(Data entries)
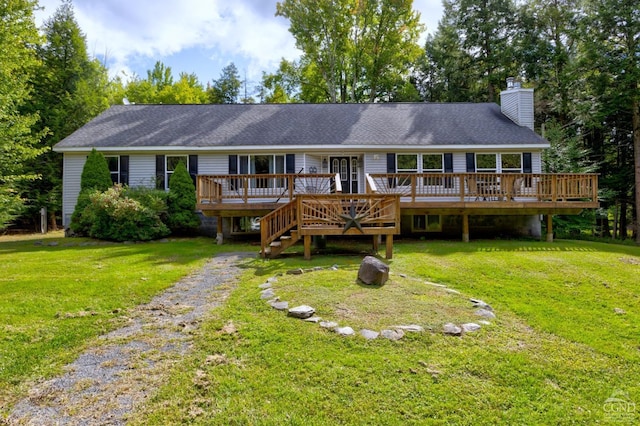 view of front facade with a front yard and a deck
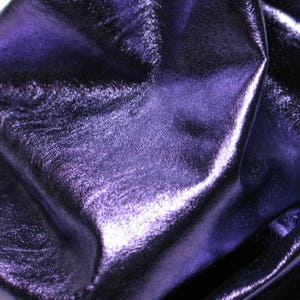 May include: Close-up of a piece of purple metallic leather with a smooth, shiny surface.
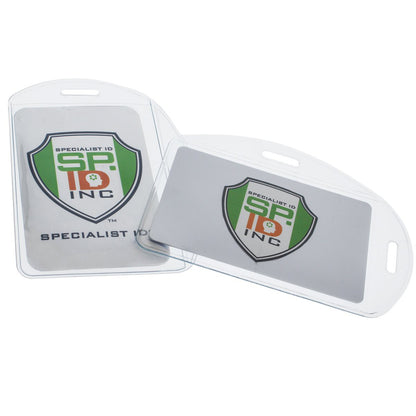 Two clear plastic ID card holders with the Specialist ID, Inc. logo—one upright and the other lying flat in front. These **Vertical / Horizontal Durable Clear Vinyl ID Badge Holders (1815-1600)** each have a slot for attaching to a lanyard, making them perfect for a professional workplace environment.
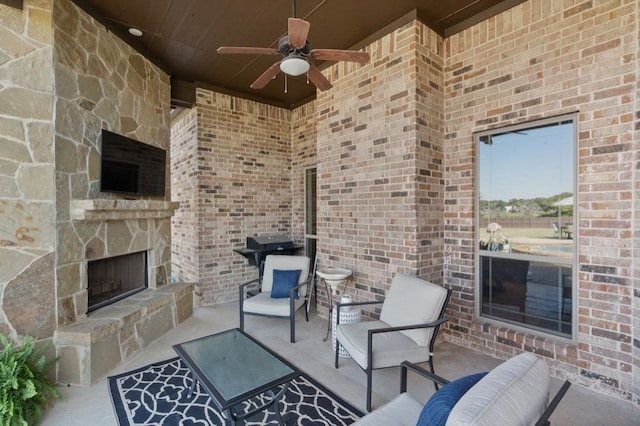 view of patio / terrace featuring an outdoor living space with a fireplace, a grill, and ceiling fan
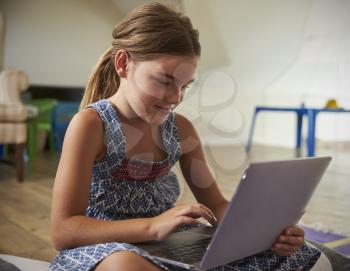 Girl Using Laptop Computer In Playroom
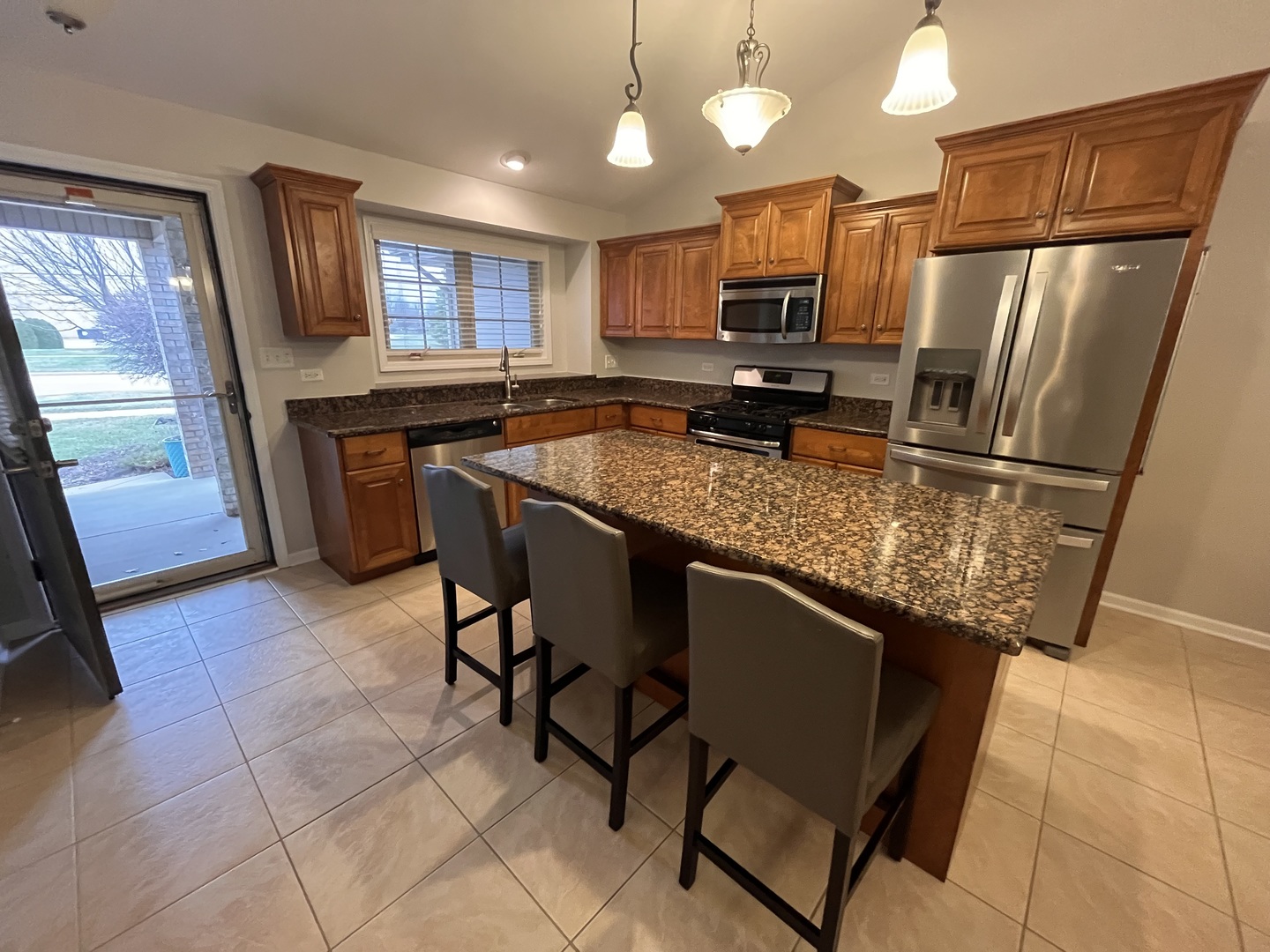 402 Chestnut Lane Beecher, IL 60401 - Photo 3 of 23 a kitchen with stainless steel appliances granite countertop a refrigerator a stove a sink a microwave and dining table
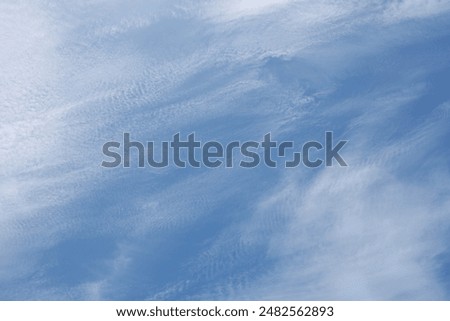 Sky Background - Delicate, Wispy and Silky Smooth Cirrus or Cirrostratus Clouds Look Like Thin Veils of Smoke Floating in the Daylight Sky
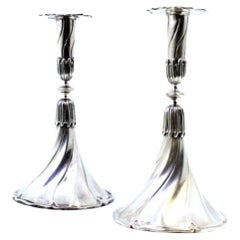 Set of silver candlesticks with embossed stems and cut-out sconces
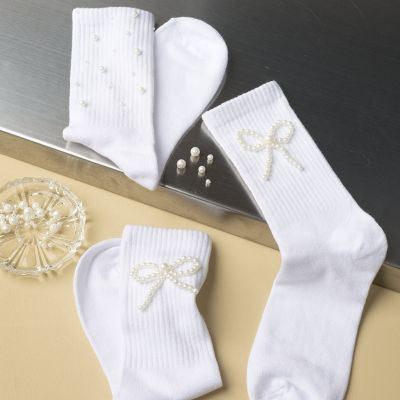 Calzini decorati con perline di cera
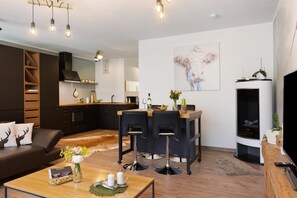 Un salon moderne comprenant un canapé, une table basse et un coin repas avec des tabourets de bar.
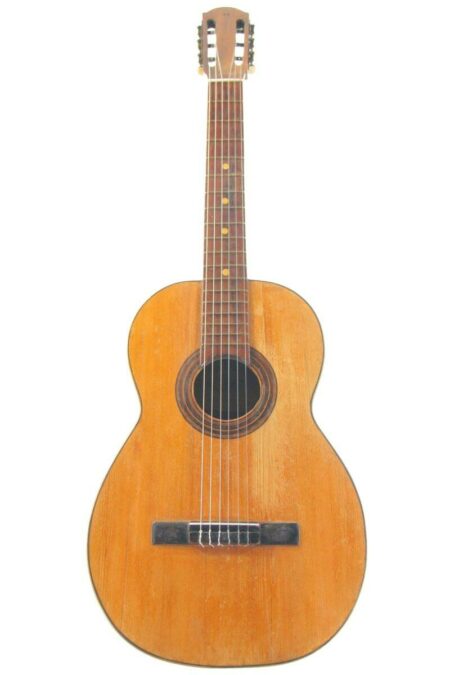 The Juan Galan Caro 1896 Romantic Guitar is a classical acoustic guitar with a wooden body, six strings, a round sound hole, and slotted headstock, shown against a white background.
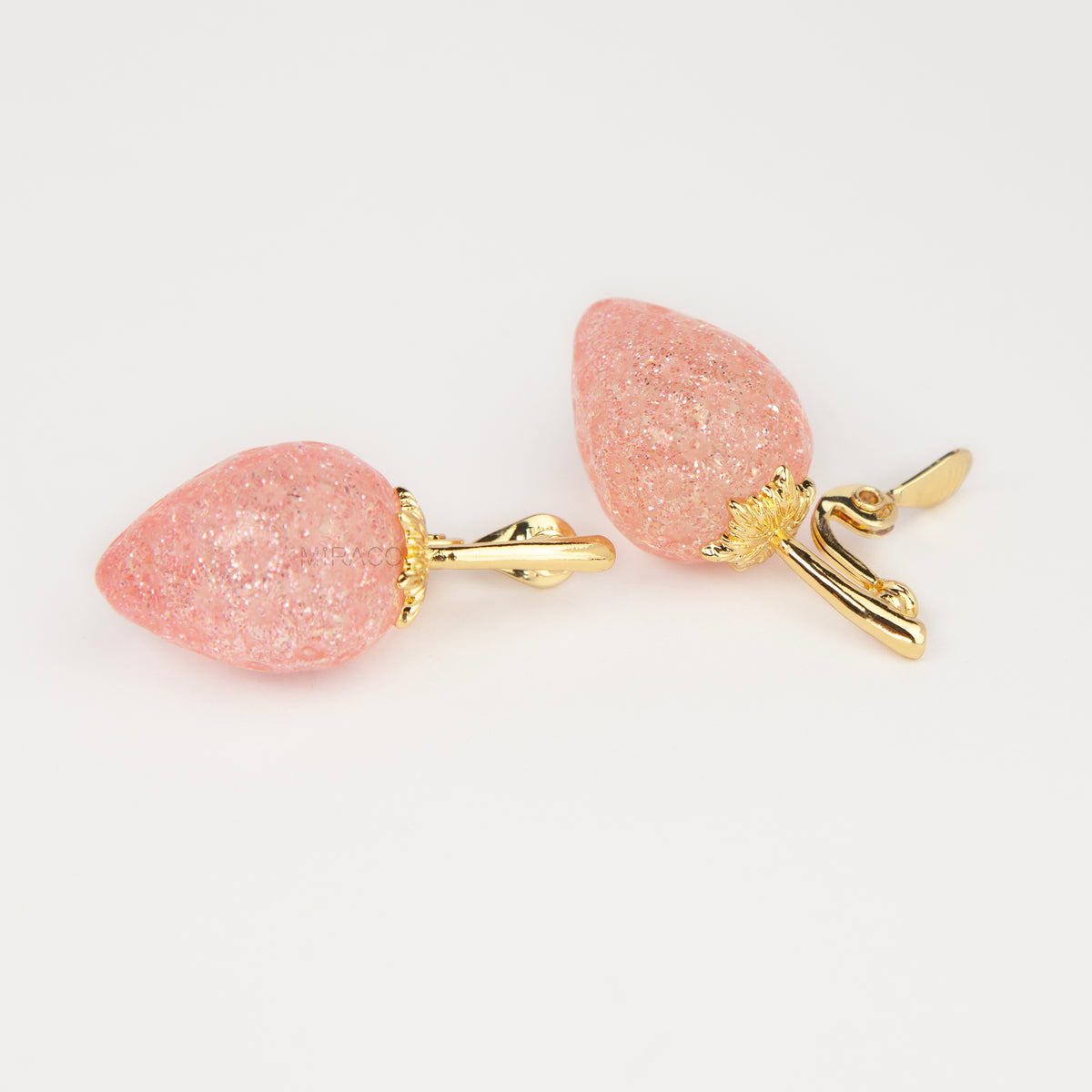 sparkling pink resin strawberry clip-on drop earring with a gold foldable paddle back for non-pierced ears.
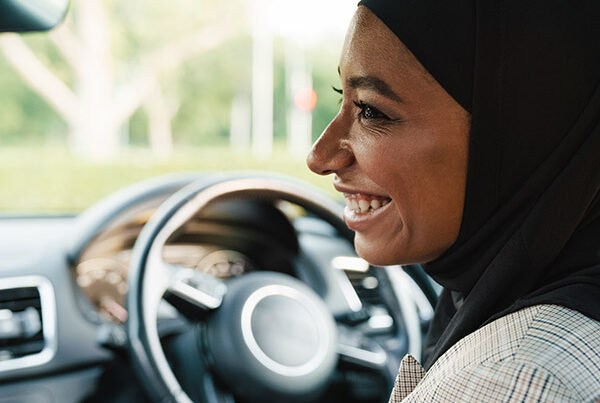 Smiling lady in hijab sits in driving seat of car, happy that she has used Zixty for her learner driver insurance.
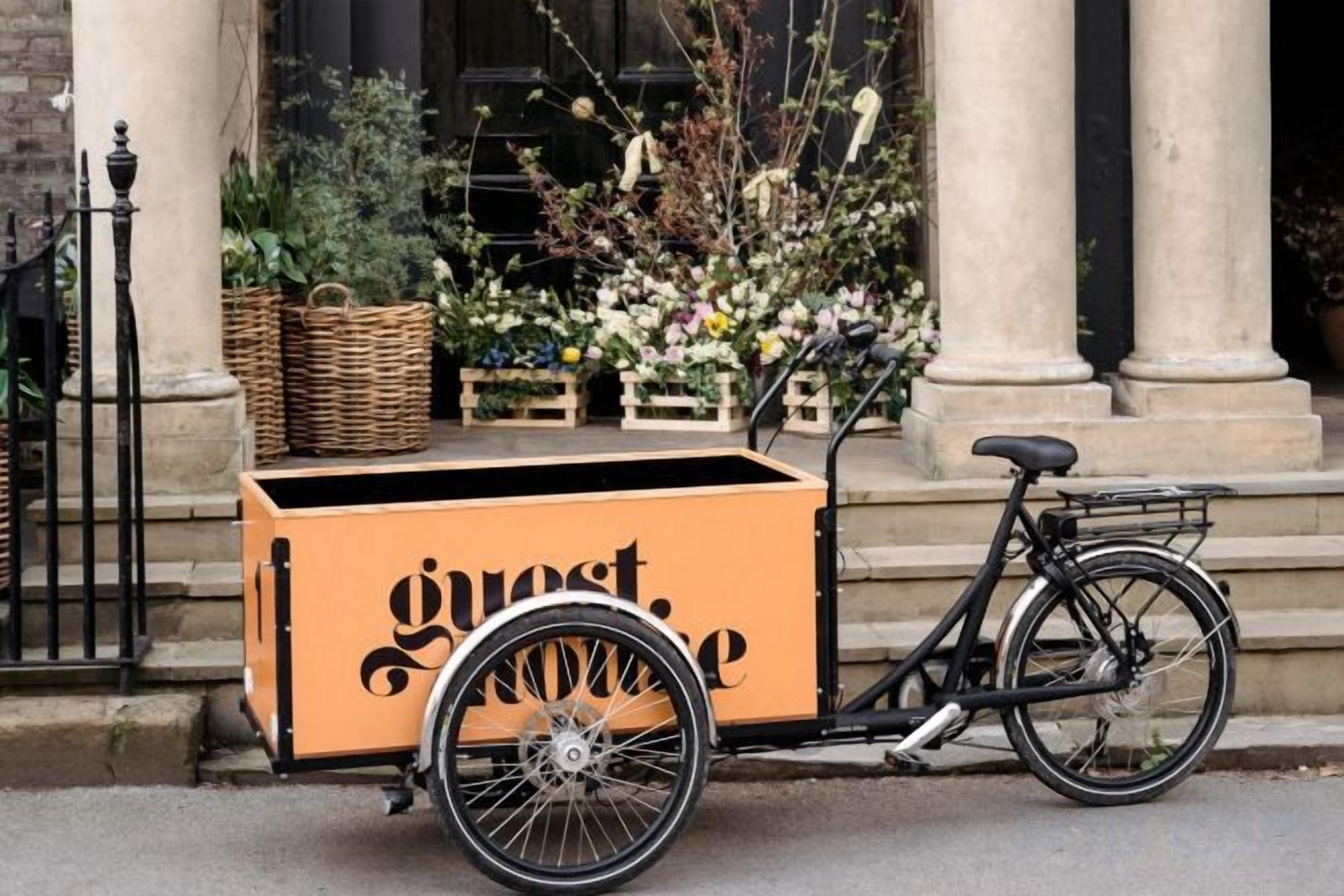 Een fiets met een bak waarin 'gast' staat, geparkeerd op een straat.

**Problem details**:
Exact copies of all the entries are needed; output them without the pictures.

**Exercise answer**:
 view of front facade with a front yard and a deck
 May include: Close-up of a piece of purple metallic leather with a smooth, shiny surface.
 Two clear plastic ID card holders with the Specialist ID, Inc. logo—one upright and the other lying flat in front. These **Vertical / Horizontal Durable Clear Vinyl ID Badge Holders (1815-1600)** each have a slot for attaching to a lanyard, making them perfect for a professional workplace environment.
 view of patio / terrace featuring an outdoor living space with a fireplace, a grill, and ceiling fan
 Girl Using Laptop Computer In Playroom
 402 Chestnut Lane Beecher, IL 60401 - Photo 3 of 23 a kitchen with stainless steel appliances granite countertop a refrigerator a stove a sink a microwave and dining table
 Sky Background - Delicate, Wispy and Silky Smooth Cirrus or Cirrostratus Clouds Look Like Thin Veils of Smoke Floating in the Daylight Sky
 Set of silver candlesticks with embossed stems and cut-out sconces
 Calzini decorati con perline di cera
 Un salon moderne comprenant un canapé, une table basse et un coin repas avec des tabourets de bar.
 The Juan Galan Caro 1896 Romantic Guitar is a classical acoustic guitar with a wooden body, six strings, a round sound hole, and slotted headstock, shown against a white background.
 sparkling pink resin strawberry clip-on drop earring with a gold foldable paddle back for non-pierced ears.
 Smiling lady in hijab sits in driving seat of car, happy that she has used Zixty for her learner driver insurance.
 Een fiets met een bak waarin 'gast' staat, geparkeerd op een straat.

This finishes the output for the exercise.